All Posts note 5 min read

Multi-Agent Conversational AI

What production conversational AI takes once you stop treating it as request-response: instant talk, slow thinking, one hard invariant, and patience for users who don't wait their turn.

Contents

Most AI products are a search box that learned to type. You send a message, you wait, a wall of text appears. That’s a transaction. People feel the difference from a conversation in the first ten seconds.

Watch someone talk to an agent they actually trust. They interrupt. They split one thought across five messages. They ask a question, then add the context that mattered a beat later. They go quiet for three minutes and come back mid-sentence. In our product, a third of all user messages arrive before the agent has finished answering the one before. People don’t wait their turn.

The tail is what breaks naive systems. Most people fire two or three messages in a row, plenty fire five or more, and one fired thirty-six before the agent could get a word in. Request-response holds none of it. We published the principles a while back. This is what survived contact with real users, across tens of thousands of conversations and sessions that run a full hour.

Talking and thinking are different jobs#

The useful work is slow. A real answer can mean several tool calls, several model turns, cross-referencing everything you know about someone. Done inside the conversation, that’s a minute of the user watching a typing indicator. Nobody waits a minute.

So the part that talks and the part that thinks are different processes. One stays present: it acknowledges, handles the back-and-forth, and never blocks. The other does the slow work beside it and hands the result over when it’s ready. The user feels a fast, attentive conversation with a depth that arrives on its own.

They don’t talk to each other directly. They share a Terra Kernel, a small in-session document store: the analysis process writes its result into a slot, the conversation process subscribes and picks it up on its next turn. No messages passed between agents, no choreography to fall out of sync, just a shared document with pub/sub.

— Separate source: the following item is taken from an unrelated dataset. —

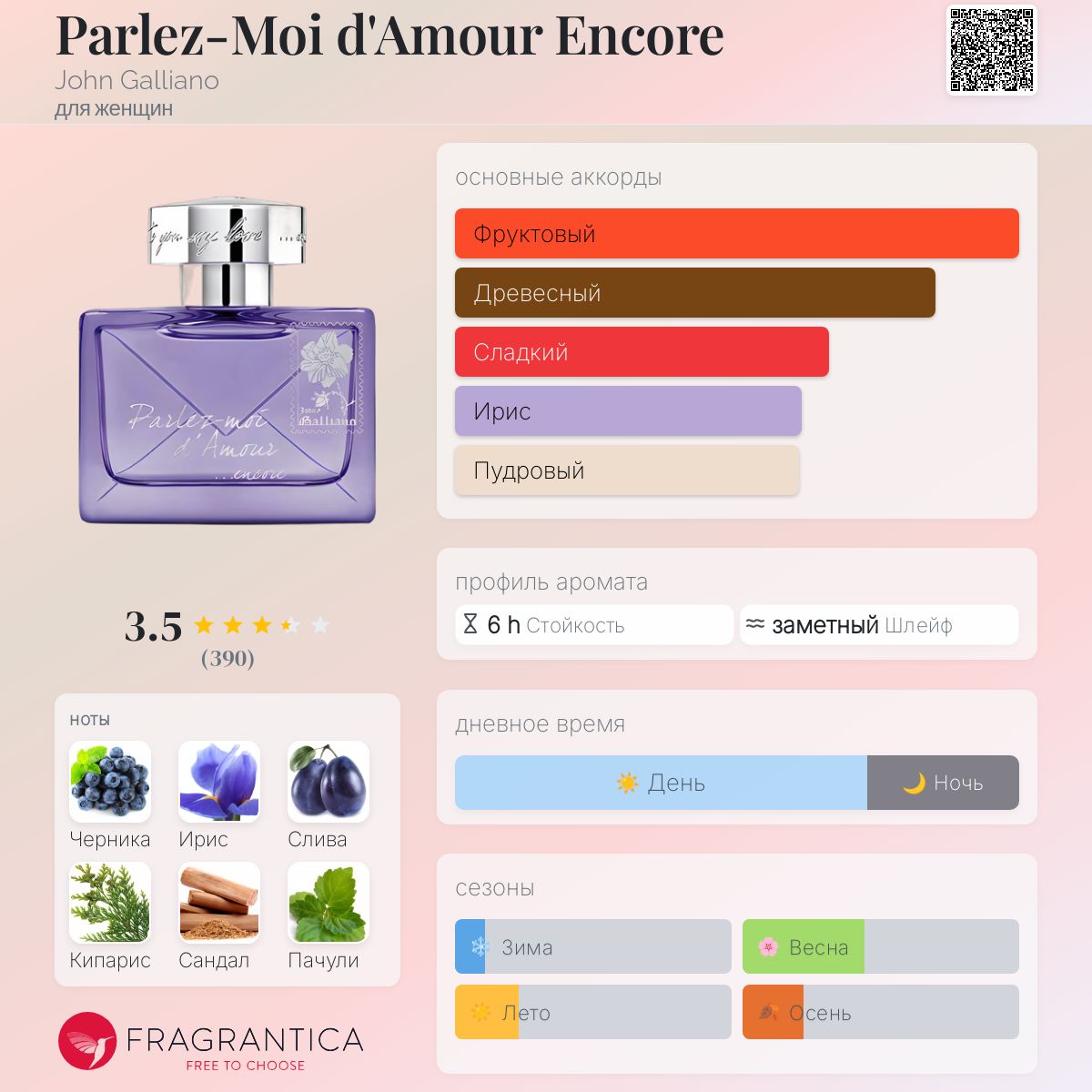 Маленькие шлюшки Parlez-Moi d&amp;#039;Amour Encore John Galliano аромат — аромат для женщин  2012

That was a deliberate choice. Two agents coordinating by sending each other messages is a distributed-systems problem you do not want inside a live conversation: ordering, retries, partial failure, all of it in the hot path. A shared store collapses that into a single question the conversation process can answer instantly: what’s in the slot right now.

The store is small and strict, and the strictness is the point. Reads never block: an agent asks for a slot and gets the current document or nothing, never a wait. A writer locks the slot, does its work, and commits in one atomic step, and because the lock belongs to whoever holds it, a crash mid-write releases it on the way down. No deadlock, no half-written state, no cleanup code. The whole session sits under one supervisor: kill the store and every agent restarts with it, kill one agent and only that one comes back. None of that is code we wrote. It’s what running agents as real processes buys you, and most of why we do.

How a slot reads back is the elegant part. The kernel wraps its content with the slot’s state, locked or idle, and the time it was last written. So when the conversation agent reads the analysis slot, the model can see for itself whether the work is still in flight or already settled. Coordination that usually hides under the runtime becomes something the model reasons about directly.

The split pays off again on interruption. Most of what people send mid-thought is more context, not a new question. If the slow work lived inside the conversation, every “oh, and also” would cancel it and start over. Two processes means the thinking ignores the chatter and finishes.

One invariant carries the whole system#

Three things have to stay identical, always: what the user saw, what you persisted, and what the model sees on the next turn.

Break it in either direction and the illusion collapses. Save more than the user saw, and the agent references a sentence they never read. Save less, and it forgets something they’re certain they said. Add streaming, interruptions, and that background work all landing at once, and keeping the three in lockstep becomes most of the engineering. It sounds trivial written down. It is the hardest thing in the system, and most of what makes an interruption feel seamless instead of broken is holding this line under pressure.

Impatient users get answered, not dropped#

When a third of messages arrive before the last answer is done, the naive design, cancel the response and start over, cancel again, burns a minute producing nothing. Five messages, five false starts, zero replies.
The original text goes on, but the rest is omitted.